Wednesday, November 25, 2009

Thursday Thirteen - 134 - 13 Reasons Canada's Defense Minister Peter Mackay Should Man Up About Torture Allegations














1 - "A top diplomat’s account of the rampant torture and rape of Afghan detainees is not credible, Defence Minister Peter MacKay (shown with Gen. Natynczyk) said Thursday.

Under fire from all parties, MacKay dismissed testimony from Richard Colvin as second- and third-hand information from enemy sources.

'What we’re talking about here is not only hearsay, we’re talking about basing much of his evidence on what the Taliban have been specifically instructed to lie about if captured,' he said."
- Kathleen Harris, Toronto Sun Photo by Andrew Vaughan












2 - "The mugging of Mr. Colvin's reputation showed the Conservatives' underside.

Prime Minister Stephen Harper's Conservative Party has its own Frat Pack: a cluster of ministers and MPs who represent the sharp point of the party's attack machine. You could see it at work last week, with Transport Minister John Baird and others attacking the credibility of Richard Colvin, the civil servant who tried to alert the Canadian government to the torture awaiting Canadian Forces detainees sent to Afghan prisons."
- Jeffrey Simpson, Globe and Mail Photo by Chris Wattie



3 - "In December of 2005, while Canada was in the middle of the election campaign that brought Stephen Harper to power, then-Chief of Defence Staff General Rick Hillier signed a deal establishing our detainee transfer protocol — an arrangement that did not provide for Canadians to monitor their prisoners.

According to Mr. Colvin, Canadian soldiers were rounding up large numbers of suspected insurgents and turning them over to the Afghan authorities, and then relying on the Red Cross and an Afghan human rights group to make sure they were not tortured."
- Stephen Maher, Chronicle Herald Photo by Globe and Mail

















4 - "Inevitably in this kind of insurgency, where foreign troops sweep the countryside for guerrillas, some innocents get scooped into the same net as actual enemy fighters.

All three of the independent military commands at that point (in 2007) — the Canadian, Dutch and British — knew that under international law they were responsible for the well being of all Afghans they picked up, even after they were handed over to Afghan prisons and interrogation centres.

The Dutch were concerned enough to report immediately any handover to the local Red Cross officials.

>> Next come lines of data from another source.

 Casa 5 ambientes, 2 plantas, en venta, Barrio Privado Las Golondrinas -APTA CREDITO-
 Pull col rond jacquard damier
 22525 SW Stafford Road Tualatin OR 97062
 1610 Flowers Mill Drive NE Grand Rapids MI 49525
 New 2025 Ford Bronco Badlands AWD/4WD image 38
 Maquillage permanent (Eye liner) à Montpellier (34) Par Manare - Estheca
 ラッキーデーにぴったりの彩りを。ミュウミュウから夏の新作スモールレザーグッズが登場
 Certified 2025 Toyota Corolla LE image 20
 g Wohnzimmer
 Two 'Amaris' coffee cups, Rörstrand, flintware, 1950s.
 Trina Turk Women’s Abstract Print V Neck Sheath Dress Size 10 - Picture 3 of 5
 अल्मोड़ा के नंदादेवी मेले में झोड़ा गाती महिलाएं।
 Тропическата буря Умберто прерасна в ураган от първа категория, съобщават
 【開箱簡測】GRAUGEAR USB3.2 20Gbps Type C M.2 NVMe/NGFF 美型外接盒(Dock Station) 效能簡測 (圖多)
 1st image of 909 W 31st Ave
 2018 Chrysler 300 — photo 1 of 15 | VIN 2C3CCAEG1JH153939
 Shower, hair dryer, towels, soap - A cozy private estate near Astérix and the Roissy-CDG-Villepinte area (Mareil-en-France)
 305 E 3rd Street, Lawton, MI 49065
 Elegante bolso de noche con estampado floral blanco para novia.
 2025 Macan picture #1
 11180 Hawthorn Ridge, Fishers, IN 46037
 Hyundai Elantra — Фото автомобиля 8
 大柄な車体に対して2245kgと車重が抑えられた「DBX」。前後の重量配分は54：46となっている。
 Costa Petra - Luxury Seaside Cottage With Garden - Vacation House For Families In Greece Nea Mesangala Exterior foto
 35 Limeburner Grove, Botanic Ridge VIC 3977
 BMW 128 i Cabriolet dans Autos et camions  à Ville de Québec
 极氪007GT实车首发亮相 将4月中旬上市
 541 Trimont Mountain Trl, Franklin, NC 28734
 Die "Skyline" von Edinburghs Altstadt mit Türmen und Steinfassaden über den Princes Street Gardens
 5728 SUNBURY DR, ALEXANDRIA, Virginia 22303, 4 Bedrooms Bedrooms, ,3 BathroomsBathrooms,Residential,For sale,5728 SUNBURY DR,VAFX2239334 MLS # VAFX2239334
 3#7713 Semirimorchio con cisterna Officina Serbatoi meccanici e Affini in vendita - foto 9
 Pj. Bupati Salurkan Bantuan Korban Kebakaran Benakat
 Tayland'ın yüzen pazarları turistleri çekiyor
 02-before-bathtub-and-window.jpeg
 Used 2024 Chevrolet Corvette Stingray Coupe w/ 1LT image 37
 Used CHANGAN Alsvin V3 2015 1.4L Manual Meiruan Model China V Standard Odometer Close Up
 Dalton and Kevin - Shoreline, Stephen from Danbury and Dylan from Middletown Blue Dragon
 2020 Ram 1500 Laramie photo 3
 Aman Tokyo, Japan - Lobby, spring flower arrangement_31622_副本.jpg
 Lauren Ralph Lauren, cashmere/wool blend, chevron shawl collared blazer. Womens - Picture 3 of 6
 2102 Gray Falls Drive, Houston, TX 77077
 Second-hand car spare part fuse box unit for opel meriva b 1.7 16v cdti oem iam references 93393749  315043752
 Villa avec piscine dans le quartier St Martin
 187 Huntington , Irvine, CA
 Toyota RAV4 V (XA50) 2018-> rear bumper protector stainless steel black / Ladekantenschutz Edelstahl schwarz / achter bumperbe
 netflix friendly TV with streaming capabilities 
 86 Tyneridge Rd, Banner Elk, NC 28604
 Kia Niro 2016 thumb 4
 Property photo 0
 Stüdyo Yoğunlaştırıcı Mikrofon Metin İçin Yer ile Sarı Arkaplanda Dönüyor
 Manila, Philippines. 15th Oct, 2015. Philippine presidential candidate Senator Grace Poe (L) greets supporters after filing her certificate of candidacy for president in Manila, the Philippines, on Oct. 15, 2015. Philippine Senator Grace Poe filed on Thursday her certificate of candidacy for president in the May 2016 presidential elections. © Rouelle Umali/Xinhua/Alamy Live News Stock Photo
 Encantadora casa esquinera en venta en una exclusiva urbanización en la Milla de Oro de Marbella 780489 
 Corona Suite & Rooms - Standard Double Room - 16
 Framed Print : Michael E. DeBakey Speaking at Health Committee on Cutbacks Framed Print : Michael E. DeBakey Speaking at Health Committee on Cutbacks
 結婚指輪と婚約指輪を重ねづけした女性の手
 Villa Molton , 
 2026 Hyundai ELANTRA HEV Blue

Britain acted within 24 hours.

But Canada?

When Canadian soldiers brought in the usually hooded and tightly bound detainee, our military police on the spot would first inform the colonels and generals in the Kandahar mission control centre.

But instead of alerting the Red Cross right away, like the Dutch and British, these commanders, following orders, sent the information to CEFCOM, the Canadian Expeditionary Force Command in Ottawa.

This information would then be passed over to Defence Headquarters and to Foreign Affairs.

Instead of CEFCOM sending word back to Kandahar to immediately engage local Red Cross officials, the file instead was forwarded to the Canadian Embassy in Geneva.

Only then did Canada inform the International Red Cross, suggesting that it check up on some Afghan civilians our troops had detained and handed over to Afghan interrogators.

It was while this odd Kandahar to Ottawa to Geneva to Kandahar shuffle was going on that detainees would be under the greatest threat of torture and other abuses. If you wanted to ensure your detainee was grilled to the hilt over days, weeks, or months, would this not be the kind of play-for-time system that you would devise?"
- Brian Stewart, CBC News Photo by Musadeq Sadeq













5 - "Former warden of Sarpoza Prison, Abdul Qadar Khan Popal, told Canwest News Service 'Prisoners were kept several days in the custody of the NDS,' Afghanistan's National Directorate of Security. 'It was not a matter of hours,' Popal said before detainees were transferred from the dilapidated NDS detention centre to Sarpoza. 'I myself have seen injuries on their bodies caused by torture by the NDS.' " - Matthew Fisher, Canada.com Photo by Natalie Behring-Chisholm











6 - "Colvin’s analysis came from interviewing hundreds of prisoners who had been transferred to the Sarposa prison, after allegedly being abused. In May 2007, the Globe and Mail’s intrepid, unembedded reporter Graeme Smith had ventured to the Sarposa prison and broke the same story of alleged torture. I happened to be in Kabul with colleagues when Smith’s expose hit the newsstands and, as a result, we were able to do some first-hand followup.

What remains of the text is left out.